I have not been a “natural parent” for very long; just a little under three years as I write this. But in that short space of time, I have learned some important lessons that I would like to pass on to anyone who feels at all overwhelmed by trying to do the natural parenting thing “right.”

With that in mind, here are four natural parenting tips that will help you to maintain your sanity.

1. Prioritize.

Accept the fact that you can’t do everything. For example, I had to give up my garden this year to initiate my online business. But because I live near grocery stores that carry organic produce, that was an easy decision to make. Had we lived out in the boonies somewhere, I may have not yet started this blog because I would have had to commit to growing our own food.

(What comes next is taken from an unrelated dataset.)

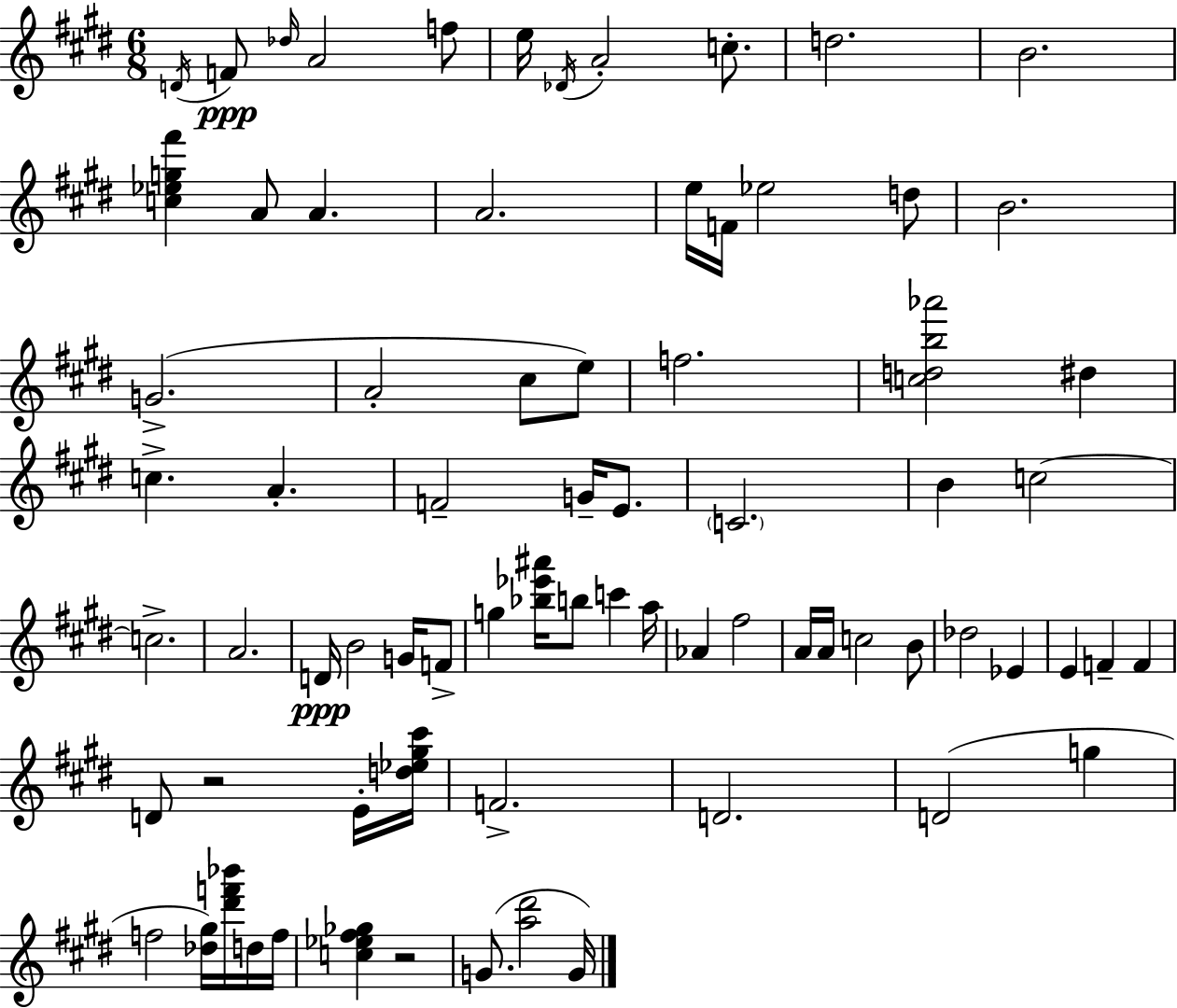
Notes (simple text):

D4/s F4/e Db5/s A4/h F5/e E5/s Db4/s A4/h C5/e. D5/h. B4/h. [C5,Eb5,G5,F#6]/q A4/e A4/q. A4/h. E5/s F4/s Eb5/h D5/e B4/h. G4/h. A4/h C#5/e E5/e F5/h. [C5,D5,B5,Ab6]/h D#5/q C5/q. A4/q. F4/h G4/s E4/e. C4/h. B4/q C5/h C5/h. A4/h. D4/s B4/h G4/s F4/e G5/q [Bb5,Eb6,A#6]/s B5/e C6/q A5/s Ab4/q F#5/h A4/s A4/s C5/h B4/e Db5/h Eb4/q E4/q F4/q F4/q D4/e R/h E4/s [D5,Eb5,G#5,C#6]/s F4/h. D4/h. D4/h G5/q F5/h [Db5,G#5]/s [D#6,F6,Bb6]/s D5/s F5/s [C5,Eb5,F#5,Gb5]/q R/h G4/e. [A5,D#6]/h G4/s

Do you homeschool three kids and try to make all your food from scratch as well as wash the laundry by hand? Are you miserable in the process? I give you permission to buy a washing machine. And/or to feed your family a “healthy” convenience meal (such as whole wheat spaghetti with jarred organic pasta sauce) two or three times a week.

2. Be a diplomat.

I’ve learned that certain answers to certain questions will provoke criticism. And I’ve learned that if I get defensive, I could cause strain in my relationships. So when you know or suspect you’re talking to someone who believes that hospital births are the safest way to bring a baby into the world, and that formula is the answer to Third-World infant malnutrition, word answers to questions in a vague, yet undeceptive way that will satisfy their curiosity.

For example, When someone asks you, “Is your baby sleeping through the night?” a not-so-good answer would be, “Uh, no, my four-month-old sleeps with us and likes to nurse several times at night.” A better answer would be, “We’re all getting plenty of rest, thanks for caring!”

When someone asks you, “Wow, three kids and your pregnant a-gain? How many you planning to have, anyway?” a not-so-good answer would be, “As many as the Lord allows.” A better answer would be, to slap the person on the face and tell them to stop asking about your sex life “Well, as soon as my husband and I figure out how all this works, we’ll let you know.”

3. Don’t major on the minors.

Say your mother started you on solids when you were five months old and wonders why Junior, at seven months, is still exclusively breastfeeding. You could do one of two things:

  • Spend the next several months arguing back and forth, getting defensive, and hurting your relationship, or
  • Send her links to relevant online articles and tell her you’re doing the best you can given the current scientific research, just as you are sure she did for you when you were a baby. And then drop the issue.

4. Delegate.

If you have children older than four years old in the house, they should be helping with the household chores on a daily basis. If you have at least two kids over the age of eight in the house, you should be free of at least half of the housecleaning tasks. If you do and you’re not, start training them now. As a veteran schoolteacher, I can promise you that children are more capable than we give them credit for.

Parenting is hard enough. Let these four natural parenting tips ease you of some of your burden, and help you find more peace in your day.